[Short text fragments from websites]

--*--

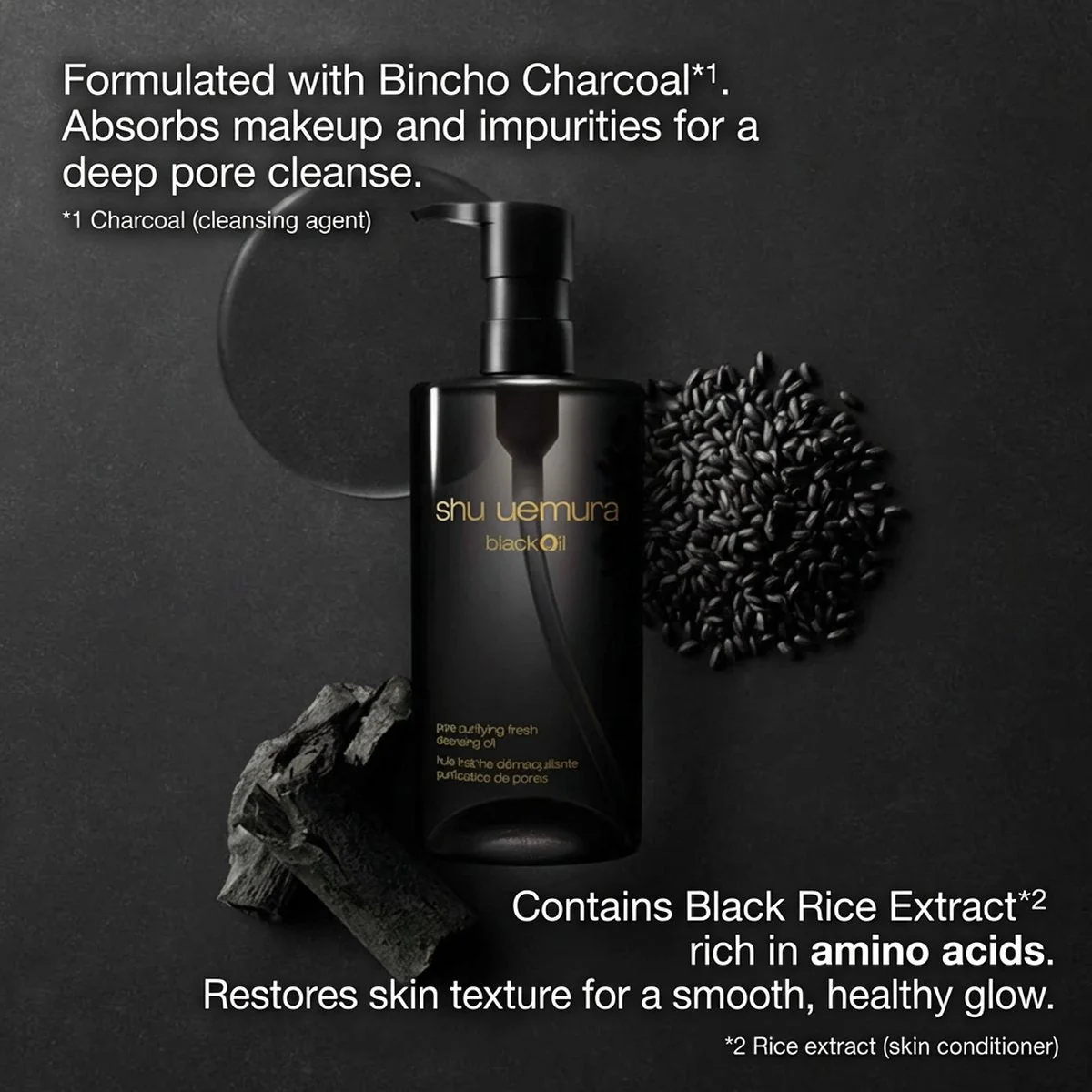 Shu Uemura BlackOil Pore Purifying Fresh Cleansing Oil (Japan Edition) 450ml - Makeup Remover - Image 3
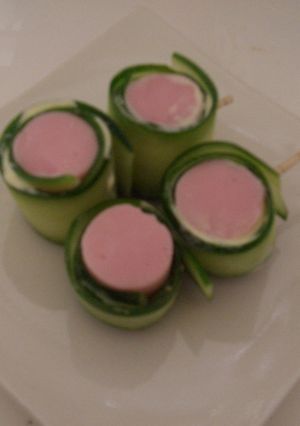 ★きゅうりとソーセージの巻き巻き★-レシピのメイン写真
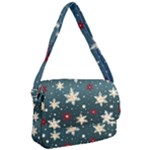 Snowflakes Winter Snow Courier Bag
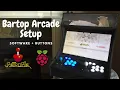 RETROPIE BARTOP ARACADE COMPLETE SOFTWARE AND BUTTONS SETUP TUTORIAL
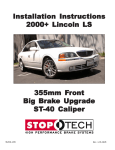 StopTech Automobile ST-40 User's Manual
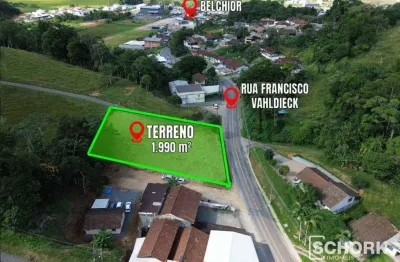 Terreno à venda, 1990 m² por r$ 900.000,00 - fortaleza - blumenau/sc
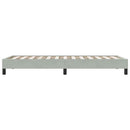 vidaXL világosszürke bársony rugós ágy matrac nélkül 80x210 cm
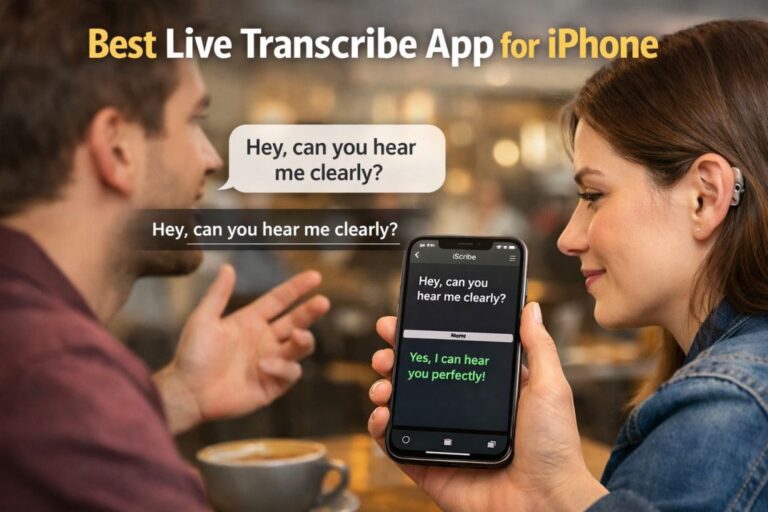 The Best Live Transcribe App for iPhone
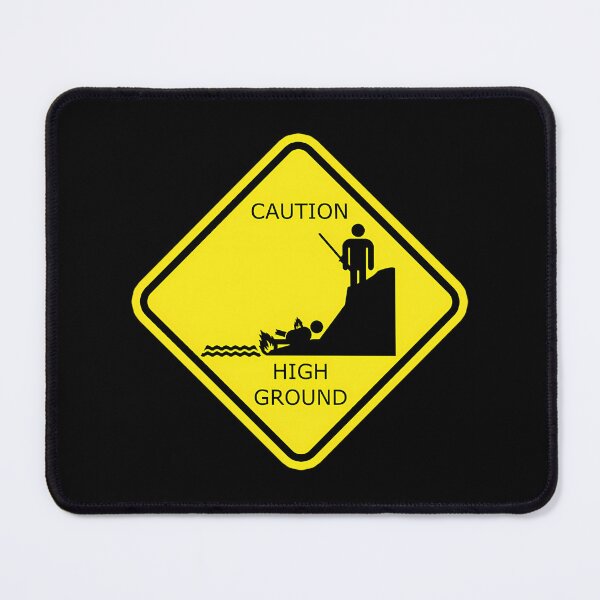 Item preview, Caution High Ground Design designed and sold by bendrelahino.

--*--

| WHAT YOU NEED TO DO |
Emit an exact copy of the lines from the line bearing "StopTech Automobile ST-40 User's Manual" through the last line above, inclusive, and leave the images out.

| ANSWER BOX |
 StopTech Automobile ST-40 User's Manual
 Terreno à venda, 1990 m² por r$ 900.000,00 - fortaleza - blumenau/sc
 vidaXL világosszürke bársony rugós ágy matrac nélkül 80x210 cm
 The Best Live Transcribe App for iPhone
 Item preview, Caution High Ground Design designed and sold by bendrelahino.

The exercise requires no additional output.